The Benefits of Professional Management
- The appointed manager or administrator is charged with carrying out the policies established by the elected officials, and with delivering public services efficiently, effectively, and equitably. Elected officials, in turn, have more time to concentrate on creating a vision for the community’s future.
- Day-to-day operations are managed by a professional who is educated and trained in current local government management practices, state and federal laws and mandates, and cost-effective service delivery techniques.
- Responsiveness to citizens is enhanced by centralizing administrative accountability in an individual appointed by the elected governing body. Local government managers or administrators are appointed by and serve at the pleasure of the elected legislative body. They generally do not have guaranteed terms of office or tenure. They are evaluated based on their responsiveness to the elected legislative body and community, and on their ability to provide efficient and effective services. If the administrator is not responsive to the elected officials, he/she may be terminated at any time. In that sense, the manager's or administrator’s responsiveness is tested daily.
- Professional managers or administrators bring technical knowledge, experience, academic training, management expertise, and dedication to public service.
Duties of an Appointed Manager or Administrator
- Carries out policies adopted by the elected officials.
- Manages local government services, which may include public works, public safety, planning and economic development, parks and recreation, libraries, youth services, resource recovery and recycling, and utilities.
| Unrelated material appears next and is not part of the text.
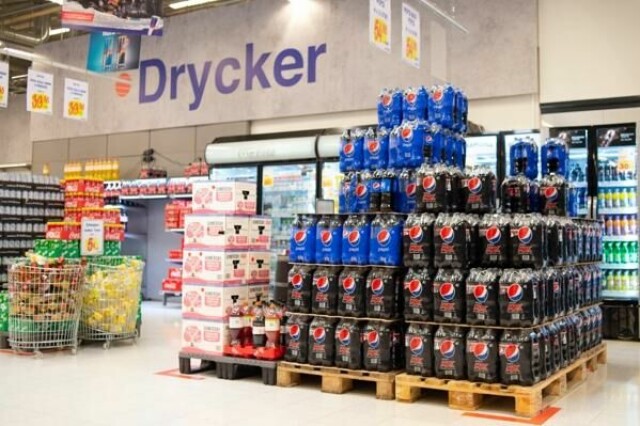 Nordmenn brukte mer penger på grensehandel i januar, februar og mars i år sammenlignet med samme periode i fjor. Her fra Charlottenberg shoppingsenter.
- Prepares a comprehensive annual budget and capital improvement program.
- Ensures fiscal responsibility and modern accounting practices.
- Develops performance measurement systems for local government services.
- Applies for and administers federal, state, and private foundation grant funding.
- Recruits, hires, and supervises the workforce of the local government, including key department heads.
- Prepares council or board meeting agenda materials.
- Develops long-range plans with guidance from elected officials and assists in the achievement of common goals and objectives.
- Facilitates the flow of ideas and information between and among elected officials, employees, and citizens.
Ethical Conduct: Honoring the Public Trust
ICMA members are committed to standards of honesty and integrity that go beyond those required by law. Local government managers or administrators who are members of ICMA agree to abide by its Code of Ethics, which specifies 12 principles of personal and professional conduct, including dedication to the cause of good government. ICMA members believe in the effectiveness of representative democracy and the value of government services provided equitably to all residents of their communities. The Code is enforceable by a confidential peer review process.
How to Hire a Professional Manager or Administrator
Before a professional manager or administrator can be hired, a local government’s structure of government must be modified to provide for the position. The process of creating a position of manager or administrator can vary from state to state.
- Some local governments have the authority to act on their own initiative to adopt local ordinances, laws, or resolutions to create the position of manager or administrator appointed by the elected governing body.
- In states where local governments may write their own charter under home-rule provisions, a number of them have taken advantage of that opportunity to create a professional administrator position.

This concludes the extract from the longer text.